Zanadar commented 4 months ago

looks like this is an issue with the kernel included in the new proxmox 8.2.2 https://github.com/blakeblackshear/frigate/discussions/10785

loading the previous kernel in proxmox with the following guide solved my issue until a new proxmox release comes out. https://engineerworkshop.com/blog/how-to-revert-a-proxmox-kernel-update/

github-actions[bot] commented 3 months ago

This issue has been automatically marked as stale because it has not had recent activity. It will be closed if no further activity occurs. Thank you for your contributions.

luke3butler commented 1 month ago

Not sure when this was fixed, but I just commented out the GRUB_DEFAULT setting I had in place to use the previous kernel, ran update-grub, rebooted, and everything is working as it should.

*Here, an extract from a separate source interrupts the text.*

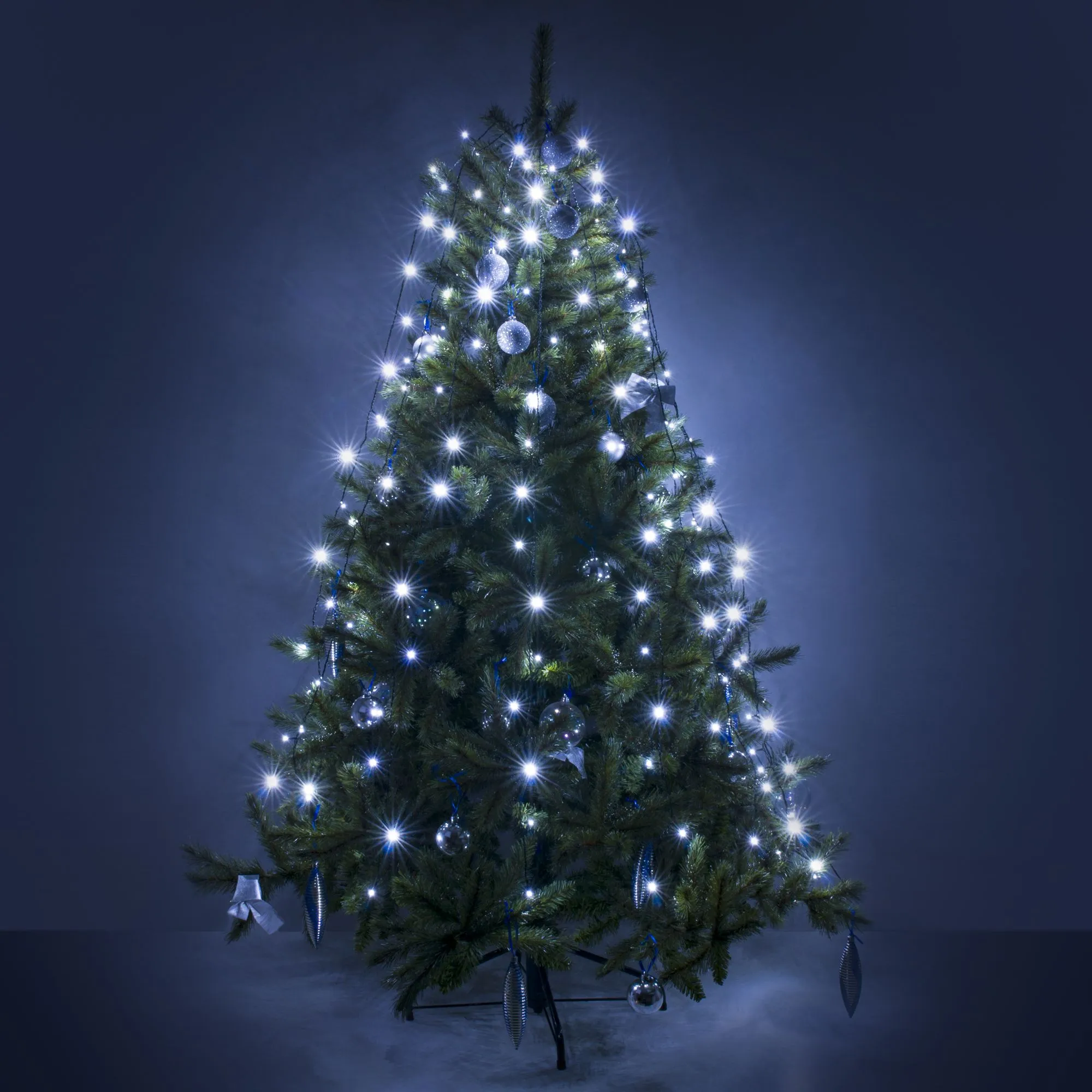 Гирлянда занавес на ель белый 0,45*1,5м IP20 200-003 Elektrostandard Eurosvet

I'm on version 6.8.8-3-pve now.

dsolva commented 1 month ago

Not sure when this was fixed, but I just commented out the GRUB_DEFAULT setting I had in place to use the previous kernel, ran update-grub, rebooted, and everything is working as it should.

I'm on version 6.8.8-3-pve now.

Just updated to 6.8.8-3-pve to test and no success. Do you have similar setup that OP?

luke3butler commented 1 month ago

Not sure when this was fixed, but I just commented out the GRUB_DEFAULT setting I had in place to use the previous kernel, ran update-grub, rebooted, and everything is working as it should. I'm on version 6.8.8-3-pve now.

Just updated to 6.8.8-3-pve to test and no success. Do you have similar setup that OP?

Yes, similar to OP. The host is Proxmox 8 with an i7-8700 CPU.

I was experiencing the same exact issue, prior to updating the kernel to 6.8.8-3. I've rebooted several times, verified that the newer kernel was actually being used, and haven't experienced any issues.

ffmpeg:
  hwaccel_args: preset-intel-qsv-h264

detectors:
  ov:
    type: openvino
    device: GPU
    model:
      path: /openvino-model/ssdlite_mobilenet_v2.xml
Fahmula commented 1 month ago

I recently updated to proxmox 8.2.4 with kernel 6.8.8-4 from 7.4 with 5.15.158-1-pve I'm experiencing the same issue. I tried kernel 6.8.8-3 and even 6.5 with no luck.

I decided to set up a proxmox 7.4 VM just to test it and it works perfectly. I tried the what was suggested here #12266 on proxmox 8 but it didn't solve my issue.

henryouly commented 3 weeks ago

I'm pretty sure this is an upstream issue in the compatibility between intel-compute-engine and the kernel GPU hang check functionality.

Here is a related discussion with the exact same CPU (J4105) https://github.com/intel/compute-runtime/issues/679

As far as I'm aware of, downgrading to kernel 5.15 seems to be the only solution.

esand commented 3 weeks ago

As far as I'm aware of, downgrading to kernel 5.15 seems to be the only solution.

I don't believe that intel/compute-runtime#679 is the culprit, but rather intel/compute-runtime#710. If you put some ENV variables in to override some GPU settings it works, or if you update the openvino libraries (#10785).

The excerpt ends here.